The skin is near translucent and her gaze is full of longing yet soft. The roundness of her cheeks attest to her very young age, yet her clothes are those of a young woman. It is a study in nostalgia and youth.

Jean-Baptiste Greuze (1725-1805) enjoyed early success at the Salon of 1855 with his painting A Father Reading the Bible to his Children (Louvre, Paris), and subsequently his sentimental genre scenes earned him huge acclaim. Greuze specialised in painting popular scenes from daily life, rich in detail and moralising or sentimental in content. He invented new subjects and had engravings made after his paintings which ensured a wide audience for his work. When he first exhibited at the Paris Salon his paintings were greatly admired, but he was disappointed to qualify for entrance to the French Academy only as a genre rather than as a history painter. He was born in Tournus and studied in Lyon before moving to Paris. Greuze spent two years in Italy and was inspired by the emotional character of Guido Reni’s paintings.

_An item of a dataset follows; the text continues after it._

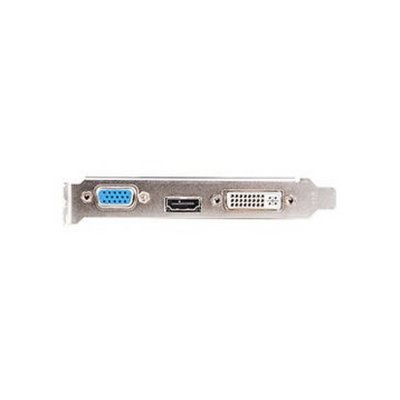 видеокарта Sinotex nVidia GeForce GT 610 1Gb NF61NP013F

In portraiture, which Greuze would have been obliged to pursue for financial reasons, his achievements are underestimated. Not only was he skilled at the polish and detail that important clients such as the Comte d’Angiviller required, he was also aware of the demands of fashion, and he was cognizant of character and could be a convincing naturalist, drawing attention to the spark of an individual personality. Greuze was an advocate for, and an exceptional exponent of, a particular genre that is an offshoot of portraiture, the so-called expressive head. These studies, painted and drawn, looked back to work by the Académie’s founder Charles Le Brun, but at the same time reflected the curiosity about emotional and intellectual development in children that was current in Greuze’s time and, more generally, expressed an inclination toward the open expression of sentiment (not sentimentality) that was so prevalent. Admired in the nineteenth century and disparaged or overlooked in the twentieth, many of the studies of emotional states are exceptional works of art.

His paintings and drawings and can be found at the National Gallery, but also at the Metropolitan Museum and of course at The Louvre Museum.
Our piece is done in Pastel in a lovely manner.